Senin pagi, 20 Januari 2025, yang cerah. Paling tidak di bilangan Bintaro, Tangerang Selatan, yang belakangan ini hampir setiap hari turun hujan. Kecerahan pagi tampaknya juga terlihat dari berbagai unggahan dan komentar dalam sejumlah WhatsApp Group (WAG) yang saya ikuti. Saling menyapa selamat pagi, saling menulis kata-kata motivasi untuk lebih bersemangat.
Di antara sekian banyak unggahan dan komentar itu, saya tertarik mengomentari unggahan seorang teman di WAG "Derap Pramuka", sebuah grup yang berisikan mereka yang pernah aktif di Dewan Kerja Pramuka Penegak (16-20 tahun) dan Pandega (21-25 tahun). Walaupun sebagian yang terdaftar dalam WAG tersebut sudah tidak aktif lagi dalam Gerakan Pramuka, tetapi kecintaan pada organisasi gerakan pendidikan kepanduan tersebut, membuat mereka tetap "bersuara".
Pagi ini, di WAG tersebut ada yang mengunggah Surat Edaran (SE) bersama tiga menteri. Lengkapnya, Surat Edaran Bersama Menteri Pendidikan Dasar dan Menengah Republik Indonesia dan Menteri Dalam Negeri Republik Indonesia dan Menteri Agama Republik Indonesia. Masing-masing dengan Nomor 1 Tahun 2025, 800.2.1/225/SJ, dan 1 Tahun 2025, tentang Penguatan Pendidikan Karakter Melalui Pembiasaan di Satuan Pendidikan.
Diterbitkan di Jakarta pada 16 Januari 2025, SE tersebut ditandatangani Menteri Pendidikan Dasar dan Menengah Abdul Mu'ti, Menteri Dalam Negeri Muhammad Tito Karnavian, dan Menteri Agama Nasaruddin Umar. Pada bagian awal SE tersebut disebutkan latar belakang diterbitkannya edaran tersebut, yaitu "Dalam rangka terwujudnya lndonesia Emas 2045, diperlukan sumber daya manusia unggul.
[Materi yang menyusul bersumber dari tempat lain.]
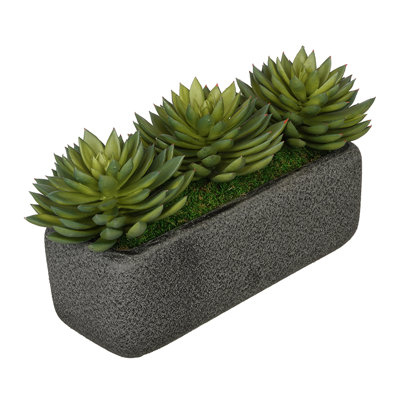 Plante Echeveria artificielle pointue dans un vase décoratif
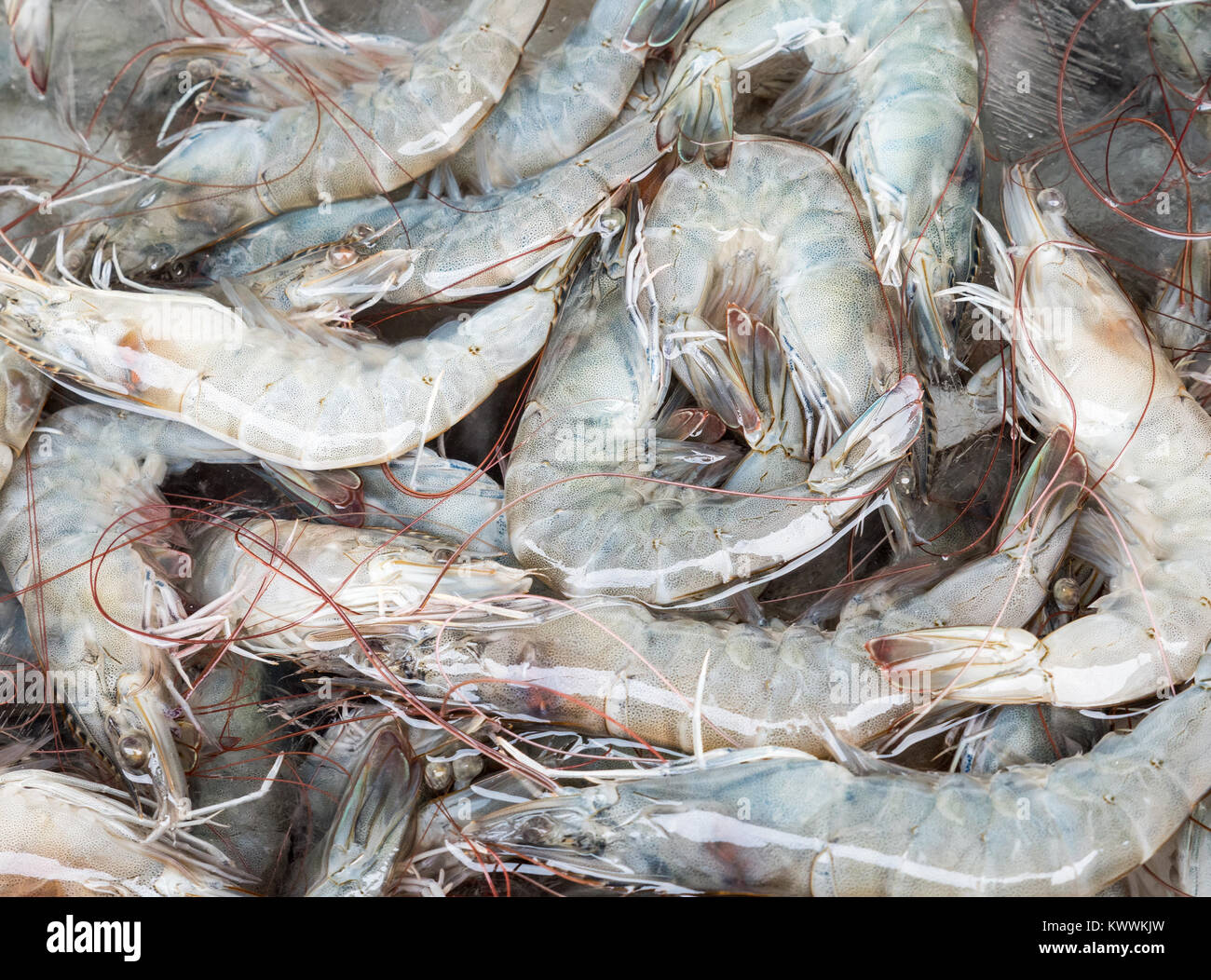 Fresh shrimp pile with the ice cube on the tray for sell in the local market,Thailand. Stock Photo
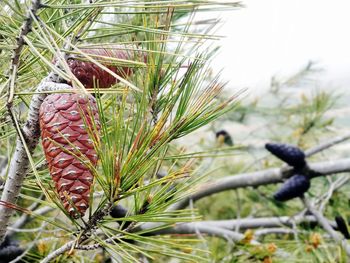 Close-up of pine cone on field during winter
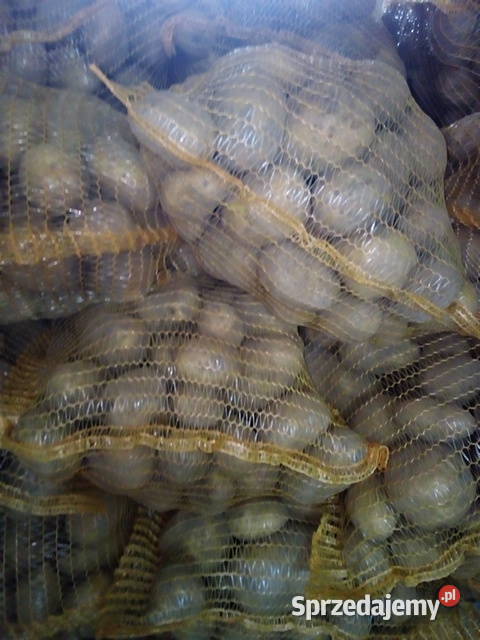 Ziemniaki jadalne i paszowe Gać sprzedam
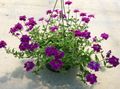 violet Plante de Interior, Flori de Casa Verbena planta erbacee, Verbena Hybrida caracteristici, fotografie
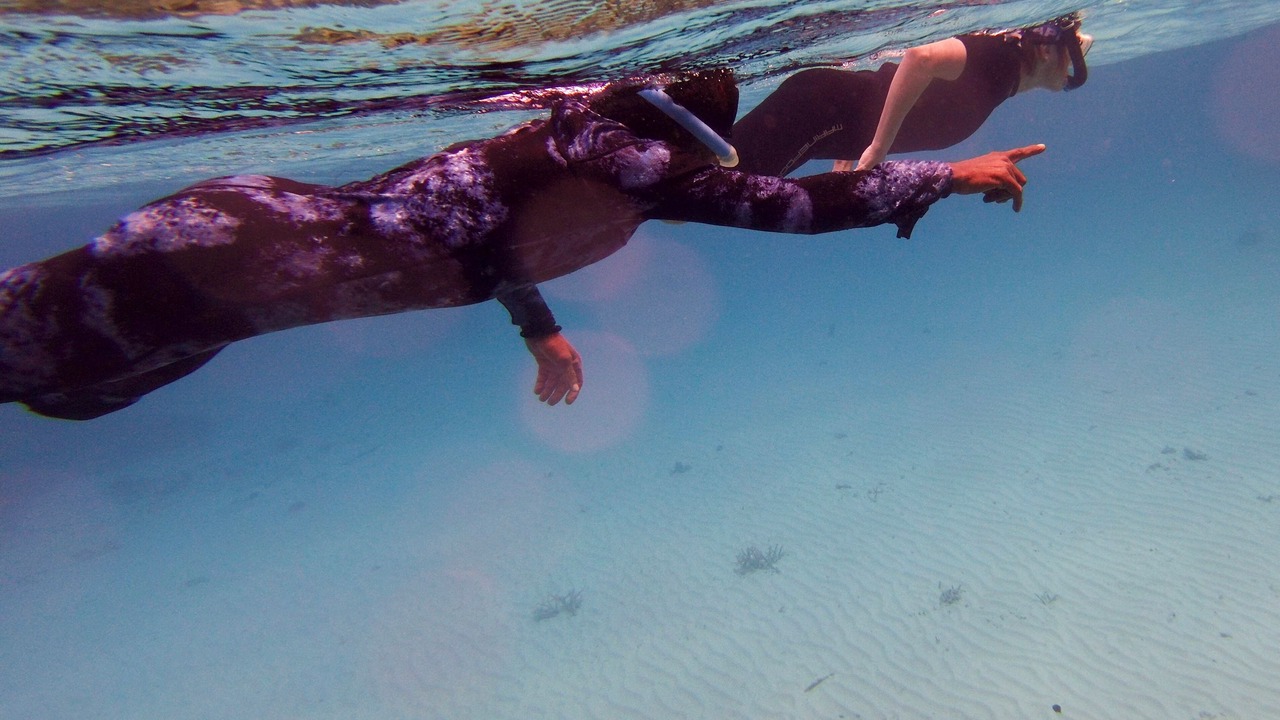 Photo of Others in Gaafu Alifu Atoll
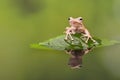 Borneo Eared Tree Frog in green water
Namun, pendidikan saat ini masih menghadapi tantangan, antara lain kekerasan, kesehatan  fisik dan psikis, serta adiksi gawai, pornografi, judi daring, dan narkoba pada peserta didik."
Ditambahkan pula, "Untuk menghadapi beberapa tantangan tersebut perlu disiapkan peserta didik yang memiliki delapan karakter utama bangsa, yakni religius, bermoral, sehat, cerdas dan kreatif, kerja keras, disiplin dan tertib, mandiri, serta bermanfaat. Delapan karakter utama bangsa ini dapat tercapai melalui pembiasaan yang harus dilakukan oleh peserta didik setiap hari dan terus berkelanjutan. Untuk itu diperlukan Penguatan Pendidikan Karakter melalui Pembiasaan di Satuan Pendidikan."
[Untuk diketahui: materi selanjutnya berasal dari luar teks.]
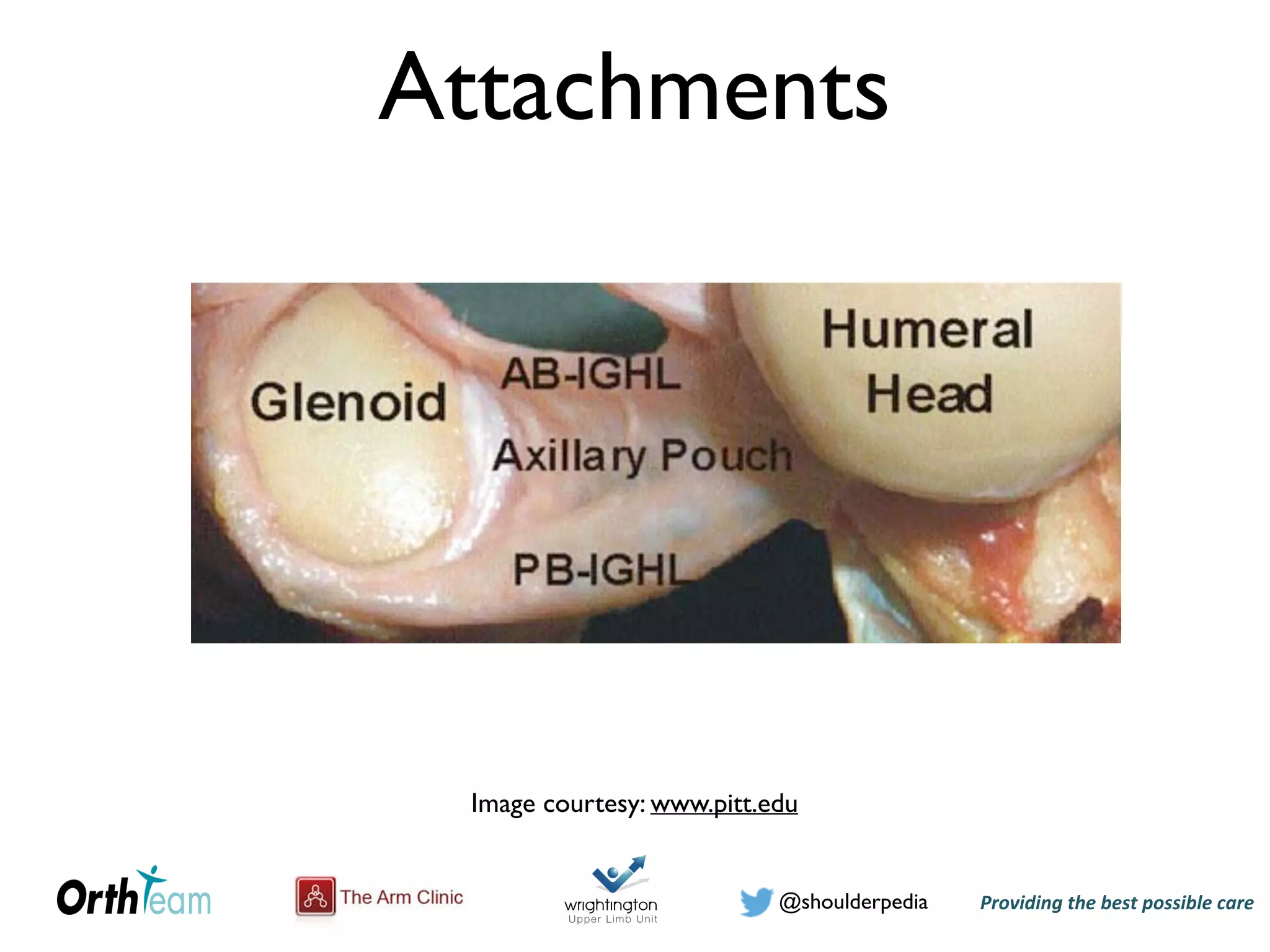 Providing)the)best)possible)care!@shoulderpedia
Attachments
Image courtesy: www.pitt.edu
 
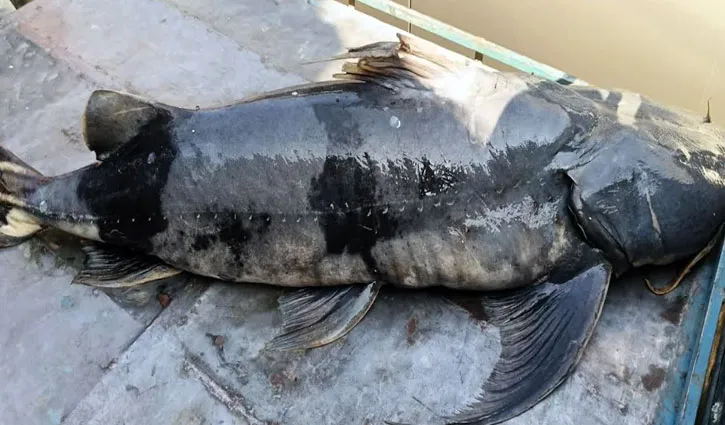 বরগুনায় ফেসবুকে প্রচার চালিয়ে মহাবিপন্ন বাঘা আইর মাছ বিক্রি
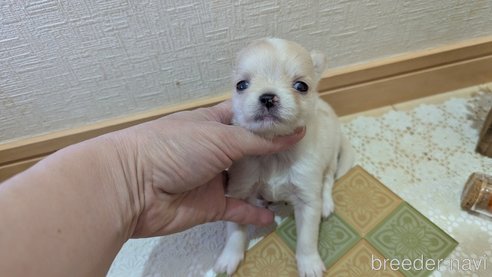 成約済の広島県のチワプー:チワワ×トイプードル-354088の10枚目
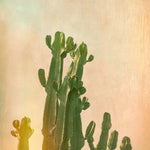 Cactus Glow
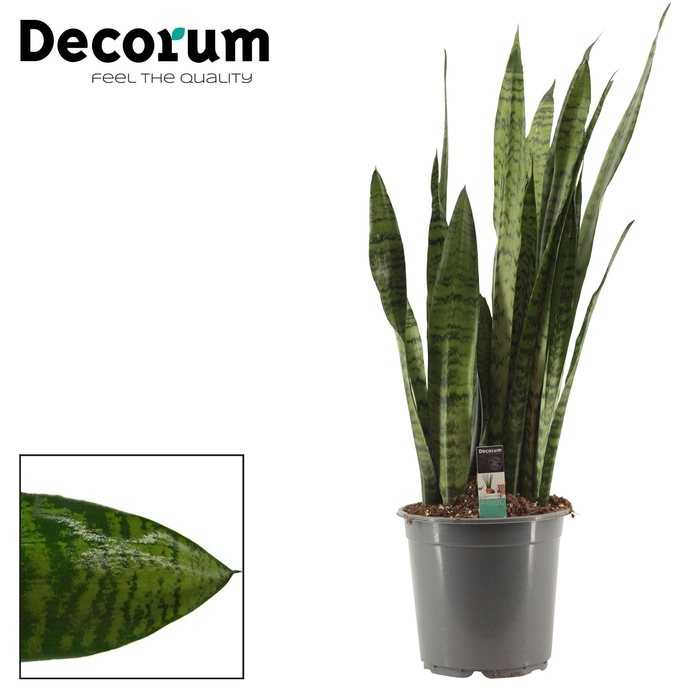 <h4>Sansevieria Zeylanica Regular 21 cm (Decorum)</h4>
Tanggapan pertama terhadap SE tersebut adalah rasa syukur, bahwa pemerintah melalui tiga Kementerian tersebut tetap menganggap penting penguatan pendidikan karakter. Berpuluh tahun lalu, ada pendidikan budi pekerti yang diajarkan di sekolah-sekolah. Namun, kini sudah tidak ada lagi. Pendidikan budi pekerti dijadikan bagian dari mata pelajaran lainnya. Pengamatan saya, karena hanya menjadi bagian dari mata pelajaran lain, maka pendidikan budi pekerti tidak terlalu terlihat dan terasakan langsung oleh para peserta didik, yaitu para siswa di sekolah. Itulah sebabnya, penguatan pendidikan karakter yang ditegaskan dalam SE tiga menteri tersebut patut disambut dengan rasa syukur.
Tujuh Kebiasaan Anak Hebat
Â
Selanjutnya, menarik pula dicermati mengenai isi SE tersebut, yaitu menggerakkan kembali penguatan pendidikan karakter di catur pusat pendidikan. Catur atau empat pusat pendidikan yang dimaksud adalah satuan pendidikan, keluarga, masyarakat, dan media. Bagaimana cara menggerakannya? Jawabannya melalui "Gerakan Tujuh Kebiasaan Anak lndonesia Hebat."